Public high school in Georgia, United States

Cross Keys High School is a public high school located in Brookhaven, Georgia, United States. Established in 1958, it is part of the DeKalb County School District and serves students from the Buford Highway Corridor in Brookhaven, Chamblee, and Doraville.

==History==
Cross Keys High School opened its doors in 1958. In 1965, following the integration of schools in DeKalb County, students from the all-Black Lynwood Park High School were transferred to Cross Keys High School. This transition was part of the district's efforts to comply with desegregation mandates.

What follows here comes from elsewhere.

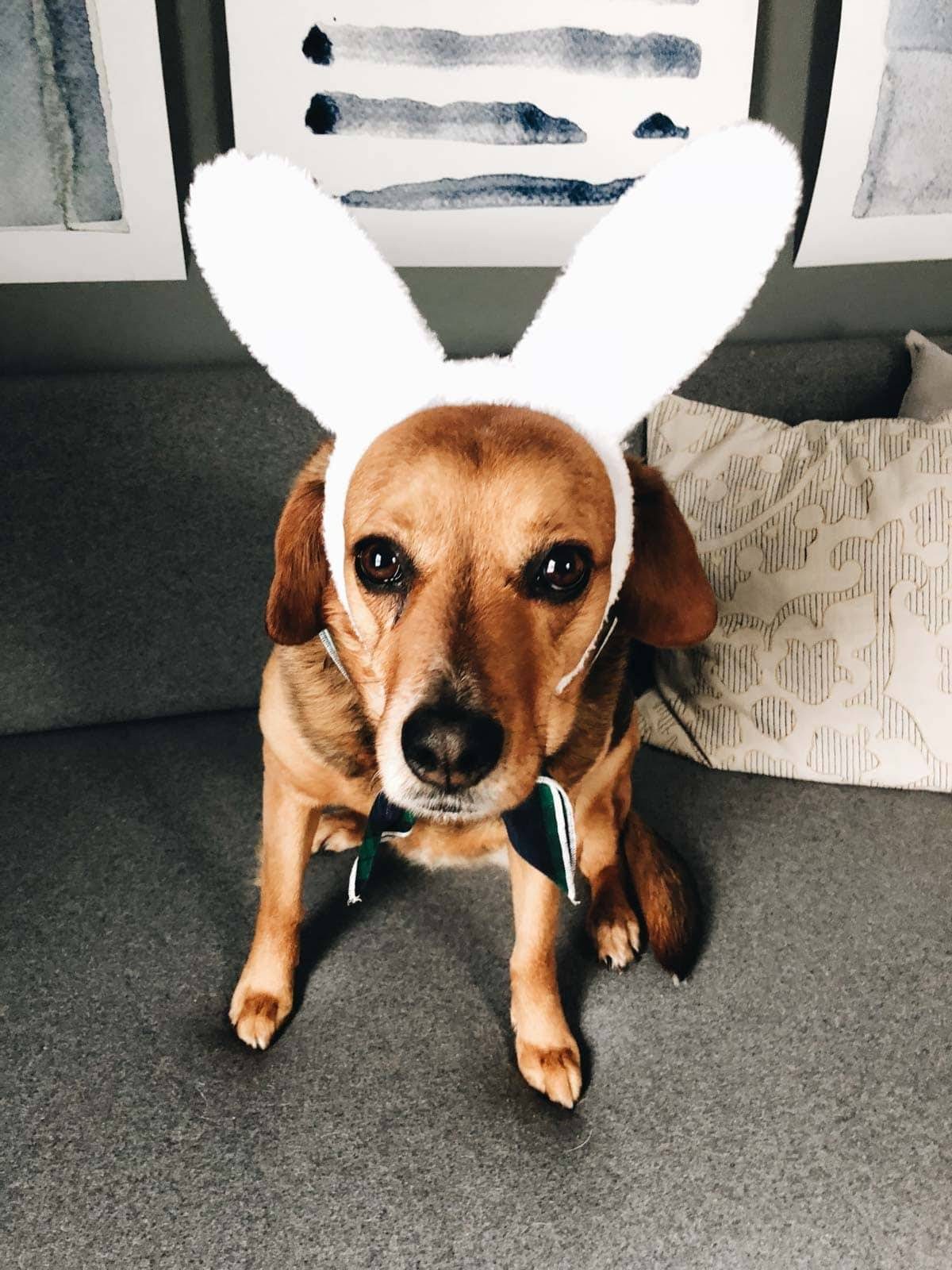 A brown dog wearing a headband with rabbit ears.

In June 2024, the DeKalb County School Board approved changing the school's mascot from the Indians to the Phoenix, in response to concerns about cultural sensitivity.

==Demographics==

For the 2016–2017 school year the student body was 86% Hispanic, 6% Black, 7% Asian, and 1% White. It is the most culturally diverse high school in the state, with students from 65 countries who speak 75 different languages.

1,547 students were in attendance for the 2016–2017 school year. Of those, 1,330 were reported to be economically disadvantaged.

As of the 2023–2024 school year, Cross Keys High School had an enrollment of approximately 1,796 students, exceeding its capacity by 500 students.

==Academics==
Cross Keys High School's overall performance is higher than 62% of schools in the state, with academic growth higher than 99% of schools in Georgia.

Cross Keys was selected as a Georgia School of Excellence in 1996.

==Athletics==
The school's athletic teams compete as the Phoenix. The football team plays at Adams Memorial Stadium. Cross Keys offers a variety of sports, including soccer, basketball, and track and field.